Sky Italia come non l'avete mai vista: con gli occhi di chi è abituato a sezionare i bilanci. E dalla fotografia scattata da R&S-Mediobanca emerge il quadro lusinghiero di una pay-tv che in pochi anni è riuscita a posizionarsi al terzo posto in Europa per numero di abbonati (4,8 milioni), a sorpassare per ricavi nella Penisola un gruppo consolidato come Mediaset (lo dice la relazione annuale dell'Agcom), ma senza perdere di vista nel contempo l'equilibrio finanziario e la redditività.

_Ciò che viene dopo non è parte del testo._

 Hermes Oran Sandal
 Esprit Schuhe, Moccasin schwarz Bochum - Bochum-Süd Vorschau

Agli ultimi dati disponibili, infatti, la tv satellitare di Murdoch, che muove 2,6 miliardi di giro d'affari (non molto distante dai 3,1 della Rai), ha completamente azzerato i debiti finanziari, ha rafforzato il patrimonio a oltre un miliardo, ha staccato un dividendo da 205 milioni, e raggiunto un Roe da record con un return on equity del 70 per cento.

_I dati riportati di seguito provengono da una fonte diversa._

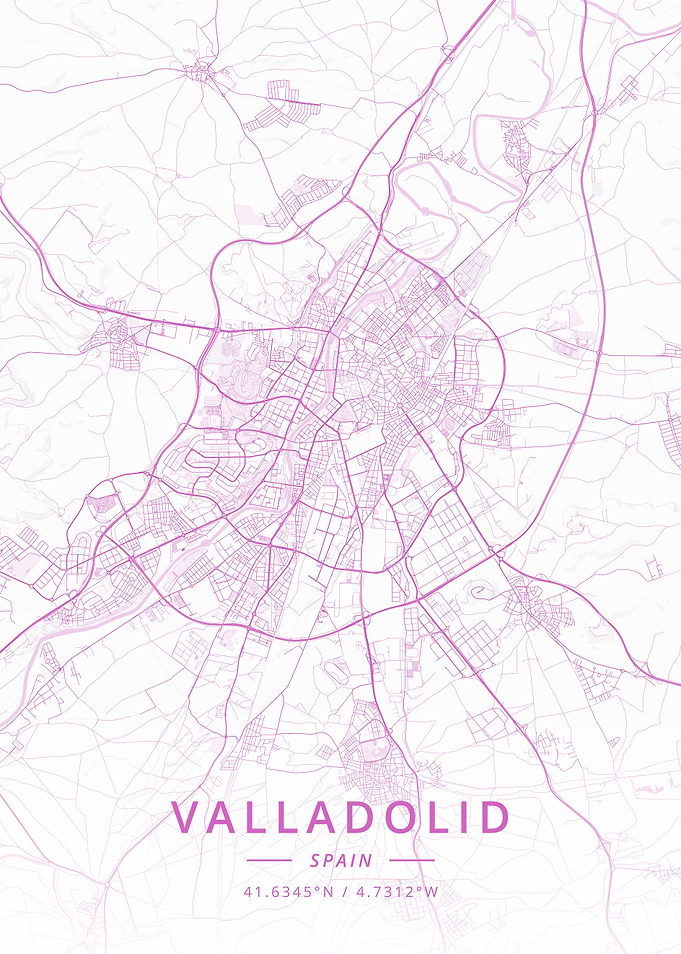 Valladolid Spain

Ma non è stato lo share a decretarne il successo: con ancora solo il 9% di ascolti, Sky ha una quota di mercato che è meno di un quarto rispetto alla Rai (42%) e a Mediaset (40%). A differenza delle tv del Biscione, che per l'81% vivono di spot, l'emittente del gruppo Newscorp fa però conto sulla pubblicità solo per l'8% delle sue entrate che, per l'84%, derivano invece dagli abbonamenti: 500 euro versati in media all'anno da ciascun utente che si confrontano con i 106 euro di canone Rai (per via Mazzini l'obolo degli spettatori contribuisce alla metà dei sui ricavi mentre il 38% arriva dalla pubblicità).
Un modello di business che ha permesso nel giro di quattro anni di ampliare il fatturato dell'84% e di segnare una crescita esponenziale dei margini, con utili saliti a 439 milioni, solo 20 in meno di Mediaset che però per contabilizzarli ha bisogno anche dell'apporto della Spagna e delle attività cinematografiche.